##### Provided information #####

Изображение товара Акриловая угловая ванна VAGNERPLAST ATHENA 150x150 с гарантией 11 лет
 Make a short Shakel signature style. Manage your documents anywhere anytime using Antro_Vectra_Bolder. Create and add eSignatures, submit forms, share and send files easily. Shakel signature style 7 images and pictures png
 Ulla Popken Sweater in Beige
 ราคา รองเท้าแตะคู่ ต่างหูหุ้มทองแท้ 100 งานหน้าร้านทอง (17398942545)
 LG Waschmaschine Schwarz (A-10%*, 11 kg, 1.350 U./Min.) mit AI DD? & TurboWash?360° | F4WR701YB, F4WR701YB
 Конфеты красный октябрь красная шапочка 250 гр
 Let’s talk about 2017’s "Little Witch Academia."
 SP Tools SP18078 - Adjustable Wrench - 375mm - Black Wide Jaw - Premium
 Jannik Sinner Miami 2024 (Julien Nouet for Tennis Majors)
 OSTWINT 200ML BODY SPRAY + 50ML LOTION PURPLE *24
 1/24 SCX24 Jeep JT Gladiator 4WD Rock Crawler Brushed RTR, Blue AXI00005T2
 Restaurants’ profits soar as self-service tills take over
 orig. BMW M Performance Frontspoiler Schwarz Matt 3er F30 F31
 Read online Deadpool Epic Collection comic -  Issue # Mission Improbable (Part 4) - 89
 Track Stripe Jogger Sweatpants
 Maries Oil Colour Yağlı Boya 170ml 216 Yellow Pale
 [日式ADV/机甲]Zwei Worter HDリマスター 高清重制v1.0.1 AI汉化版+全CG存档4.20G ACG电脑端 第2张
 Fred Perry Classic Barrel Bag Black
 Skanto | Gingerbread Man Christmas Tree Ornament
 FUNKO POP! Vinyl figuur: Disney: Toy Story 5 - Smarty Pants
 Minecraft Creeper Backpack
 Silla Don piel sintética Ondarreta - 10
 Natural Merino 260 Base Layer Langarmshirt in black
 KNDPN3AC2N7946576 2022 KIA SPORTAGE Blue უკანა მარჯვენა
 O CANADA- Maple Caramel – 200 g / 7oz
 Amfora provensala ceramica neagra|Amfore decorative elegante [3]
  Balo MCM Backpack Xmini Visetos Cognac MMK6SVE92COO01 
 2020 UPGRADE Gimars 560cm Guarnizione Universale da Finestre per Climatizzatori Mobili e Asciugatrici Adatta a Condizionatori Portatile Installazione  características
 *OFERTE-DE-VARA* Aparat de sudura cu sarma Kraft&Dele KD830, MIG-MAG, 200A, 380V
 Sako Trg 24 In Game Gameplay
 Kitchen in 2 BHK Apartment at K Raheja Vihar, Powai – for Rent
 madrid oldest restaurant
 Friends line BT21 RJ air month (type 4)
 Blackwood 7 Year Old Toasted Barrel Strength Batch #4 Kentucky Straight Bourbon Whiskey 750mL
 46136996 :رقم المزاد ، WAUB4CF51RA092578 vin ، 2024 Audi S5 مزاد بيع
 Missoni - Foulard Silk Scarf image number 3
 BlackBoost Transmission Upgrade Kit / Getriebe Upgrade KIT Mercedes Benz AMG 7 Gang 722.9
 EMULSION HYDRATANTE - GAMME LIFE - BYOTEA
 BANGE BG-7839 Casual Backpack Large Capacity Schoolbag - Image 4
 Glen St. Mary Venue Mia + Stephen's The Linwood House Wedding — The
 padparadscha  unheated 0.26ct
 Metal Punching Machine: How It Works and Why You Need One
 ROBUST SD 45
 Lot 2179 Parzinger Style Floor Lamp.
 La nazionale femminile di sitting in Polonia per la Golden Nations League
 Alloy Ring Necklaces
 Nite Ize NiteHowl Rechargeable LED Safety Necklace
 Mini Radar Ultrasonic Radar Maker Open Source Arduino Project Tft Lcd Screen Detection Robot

#####

Task: Take the lines above from the one containing "orig. BMW M" to the one containing "Natural Merino 260" and retype them exactly, both ends included, with nothing added.

Finished exercise:
 orig. BMW M Performance Frontspoiler Schwarz Matt 3er F30 F31
 Read online Deadpool Epic Collection comic -  Issue # Mission Improbable (Part 4) - 89
 Track Stripe Jogger Sweatpants
 Maries Oil Colour Yağlı Boya 170ml 216 Yellow Pale
 [日式ADV/机甲]Zwei Worter HDリマスター 高清重制v1.0.1 AI汉化版+全CG存档4.20G ACG电脑端 第2张
 Fred Perry Classic Barrel Bag Black
 Skanto | Gingerbread Man Christmas Tree Ornament
 FUNKO POP! Vinyl figuur: Disney: Toy Story 5 - Smarty Pants
 Minecraft Creeper Backpack
 Silla Don piel sintética Ondarreta - 10
 Natural Merino 260 Base Layer Langarmshirt in black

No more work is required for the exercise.